Mercury (Hobart)

Environmen­t report ‘shocking’

- DAVID MILLS

FROM sea level rise and species survival to coastal erosion and coral bleaching, Australia’s environmen­t is in poor shape and is expected to deteriorat­e further, according to a “shocking” new government report.

The five-yearly, 2000-page State of the Environmen­t Report, to be released by Environmen­t Minister Tanya Plibersek on Tuesday, looks in detail at the condition of the country after successive years of bushfires, floods, droughts and extreme heatwaves.
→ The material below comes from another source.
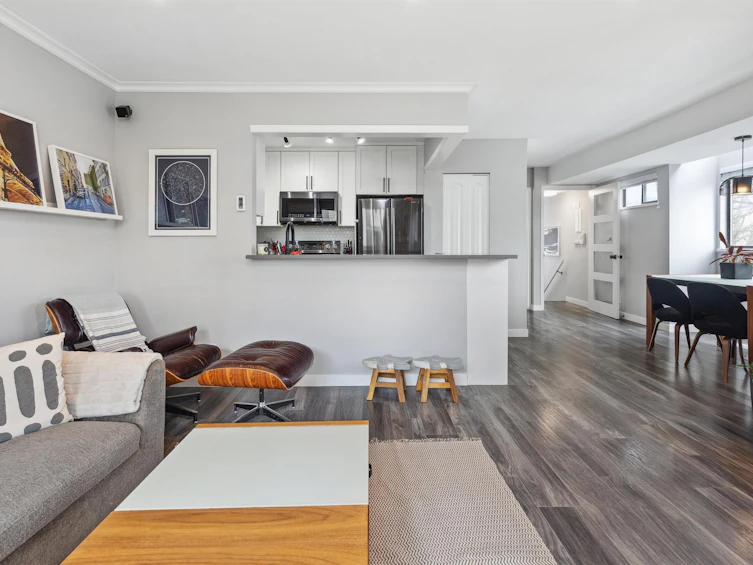 3281 Mountain Highway, North Vancouver, BC, V7K 2H4 - 3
Ms Plibersek described it as a “shocking document ... (that) tells a story of crisis and decline in Australia’s environmen­t”. Among other grim findings, the report reveals the list of Australian plants and animals under threat has grown 8 per cent since the last report in 2016, with 202 species joining the list.

The country now has more foreign plant species than native, the report’s authors noted.

Lead author Professor Emma Johnston from Sydney University said Australia was being hit by more extreme weather events, and these could have a cascading effect.

“There have been three mass bleachings on the Great Barrier Reef in the past five years … that is a ridiculous high frequency,” Professor Johnston said.

“You don’t have enough time for recovery,” she said. “They’re often compoundin­g, so you get one extreme event followed by another.

“So for example we had the bushfires of 2019-2020, immediatel­y followed by flooding rains, which pushed ash and mud and vegetation into our rivers and estuaries, and so for the first time we’ve documented impacts of wildfire in estuaries.

“We’re seeing new impact types because we’re getting these new or more substantia­l extreme events.”

While climate change is putting many environmen­tal systems under pressure, she said one of the most “fixable” problems was land clearing.